# Perspective projection

We’ll leave the 2D triangles alone for a while and turn our attention to 3D; more precisely, how can we represent 3D objects on a 2D surface.

Just like we did at the beginning of the Raytracing part, we start by defining a *camera*. We’ll use the same conventions as before: the camera is at \(O = (0, 0, 0)\), looking in the direction of \(\vec{Z_+}\) and with an “up” vector \(\vec{Y_+}\). We’ll also define a rectangular *viewport* of size \(V_w\) and \(V_h\) whose edges are parallel to \(\vec{X}\) and \(\vec{Y}\), at a distance \(d\) from the camera. If any of this is unclear, please read the **Basic Ray Tracing** chapter.

Consider a point \(P\) somewhere in front of the camera. The camera “sees” \(P\), meaning there is some ray of light that bounces off \(P\) and reaches the camera. We’re interested in finding out the point \(P'\) where this ray of light crosses the viewport (note that this is the opposite of what we did for Raytracing, where we started with a point in the viewport and determined what was visible through it):

Here’s a diagram of the situation viewed from the “right”, that is, \(\vec{Y_+}\) points up, \(\vec{Z_+}\) points to the right, and \(\vec{X_+}\) points at us:

In addition to \(O\), \(P\) and \(P'\) this diagram also shows the points \(A\) and \(B\), which will be helpful to reason about the situation.

It is clear that \(P'_Z = d\), because we defined \(P'\) to be a point in the viewport, and the viewport is embedded in the plane \(Z = d\).

It should also be clear that the triangles \(OP'A\) and \(OPB\) are similar: they share two sides (\(OA\) which is the same as \(OB\), and \(OP\) which is the same as \(OP'\)) and their remaining sides are parallel (\(P'A\) and \(PB\)). This implies that the following proportionality equation holds:

\[ {|P'A| \over |OA|} = {|PB| \over |OB|} \]

From here we get

\[ |P'A| = {|PB| \cdot |OA| \over {|OB|}} \]
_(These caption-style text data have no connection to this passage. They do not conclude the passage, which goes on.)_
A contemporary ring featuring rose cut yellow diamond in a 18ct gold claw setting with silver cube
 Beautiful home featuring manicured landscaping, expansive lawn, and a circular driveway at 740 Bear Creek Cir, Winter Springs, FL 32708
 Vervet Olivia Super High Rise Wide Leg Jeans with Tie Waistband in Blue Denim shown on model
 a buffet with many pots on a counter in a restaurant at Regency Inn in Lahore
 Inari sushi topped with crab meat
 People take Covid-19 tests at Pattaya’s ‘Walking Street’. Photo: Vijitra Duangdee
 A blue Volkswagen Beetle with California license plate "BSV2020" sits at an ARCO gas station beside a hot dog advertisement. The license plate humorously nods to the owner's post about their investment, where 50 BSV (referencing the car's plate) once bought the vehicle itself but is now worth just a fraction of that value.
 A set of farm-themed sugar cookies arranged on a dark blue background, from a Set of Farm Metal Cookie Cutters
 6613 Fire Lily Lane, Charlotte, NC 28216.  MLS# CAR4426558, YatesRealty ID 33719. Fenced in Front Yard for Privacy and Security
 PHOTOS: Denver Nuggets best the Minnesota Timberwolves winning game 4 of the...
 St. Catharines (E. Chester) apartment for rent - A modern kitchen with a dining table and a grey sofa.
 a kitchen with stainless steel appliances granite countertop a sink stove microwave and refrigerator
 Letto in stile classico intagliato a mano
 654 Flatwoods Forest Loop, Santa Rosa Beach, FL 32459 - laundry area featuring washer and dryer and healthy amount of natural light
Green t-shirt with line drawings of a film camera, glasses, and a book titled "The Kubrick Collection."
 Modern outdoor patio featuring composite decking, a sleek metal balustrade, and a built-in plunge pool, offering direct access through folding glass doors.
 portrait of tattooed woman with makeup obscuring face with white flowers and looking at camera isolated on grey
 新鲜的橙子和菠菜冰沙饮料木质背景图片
The (signed) length of each segment in that equation is a coordinate of a point we know or we’re interested in: \(|P'A| = P'_Y\), \(|PB| = P_Y\), \(|OA| = P'_Z = d\), and \(|OB| = P_Z\). If we substitute these in the above equation we get

\[ P'_Y = {P_Y \cdot d \over P_Z} \]

We can draw a similar diagram, this time from the top: \(\vec{Z_+}\) points up, \(\vec{X_+}\) points to the right, and \(\vec{Y_+}\) points at us:

Using similar triangles again in the same way, we end up with

\[ P'_X = {P_X \cdot d \over P_Z} \]

## The projection equation

Let’s put everything together. Given a point \(P\) in the scene and a standard camera and viewport setup, the projection of \(P\) in the viewport, which we denote with \(P'\), can be computed as follows:

\[ P'_X = {P_X \cdot d \over P_Z} \]

\[ P'_Y = {P_Y \cdot d \over P_Z} \]

\[ P'_Z = d \]

The very first thing we can do with this is forget about \(P'_Z\); its value is constant by definition, and we’re trying to go from 3D to 2D after all.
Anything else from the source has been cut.